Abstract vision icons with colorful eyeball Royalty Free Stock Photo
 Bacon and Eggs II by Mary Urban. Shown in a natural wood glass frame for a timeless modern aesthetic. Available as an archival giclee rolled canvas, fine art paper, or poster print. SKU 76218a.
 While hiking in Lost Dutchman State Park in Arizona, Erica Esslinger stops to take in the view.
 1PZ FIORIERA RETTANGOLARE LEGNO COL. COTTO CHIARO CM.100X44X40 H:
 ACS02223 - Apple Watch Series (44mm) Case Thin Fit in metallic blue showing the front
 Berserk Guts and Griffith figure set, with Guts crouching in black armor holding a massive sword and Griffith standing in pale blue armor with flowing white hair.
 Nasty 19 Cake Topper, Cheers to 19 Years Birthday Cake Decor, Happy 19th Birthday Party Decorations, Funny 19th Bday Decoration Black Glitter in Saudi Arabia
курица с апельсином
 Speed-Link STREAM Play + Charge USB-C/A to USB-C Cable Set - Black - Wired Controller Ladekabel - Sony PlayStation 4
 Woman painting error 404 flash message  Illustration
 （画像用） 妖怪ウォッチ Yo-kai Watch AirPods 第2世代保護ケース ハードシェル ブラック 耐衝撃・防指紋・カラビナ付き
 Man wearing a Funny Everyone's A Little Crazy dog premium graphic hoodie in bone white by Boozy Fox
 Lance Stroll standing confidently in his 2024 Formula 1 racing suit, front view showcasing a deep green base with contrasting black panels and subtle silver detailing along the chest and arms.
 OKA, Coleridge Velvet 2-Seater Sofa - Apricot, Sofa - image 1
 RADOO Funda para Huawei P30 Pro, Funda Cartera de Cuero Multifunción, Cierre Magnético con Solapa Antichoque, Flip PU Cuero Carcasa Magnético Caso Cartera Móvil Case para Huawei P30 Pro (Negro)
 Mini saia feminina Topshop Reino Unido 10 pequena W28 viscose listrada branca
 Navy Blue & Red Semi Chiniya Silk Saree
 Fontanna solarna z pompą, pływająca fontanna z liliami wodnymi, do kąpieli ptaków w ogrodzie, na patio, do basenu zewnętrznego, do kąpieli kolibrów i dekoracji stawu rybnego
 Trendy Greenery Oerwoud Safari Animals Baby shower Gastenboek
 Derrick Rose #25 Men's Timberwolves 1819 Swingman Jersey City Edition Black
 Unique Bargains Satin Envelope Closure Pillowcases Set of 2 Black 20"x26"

▬▬▬▬▬▬

_Activity_.
Print, exactly as they appear above, the lines running from the one with "Derrick Rose #25" through the final line.

_Answer to this problem_.
 Derrick Rose #25 Men's Timberwolves 1819 Swingman Jersey City Edition Black
 Unique Bargains Satin Envelope Closure Pillowcases Set of 2 Black 20"x26"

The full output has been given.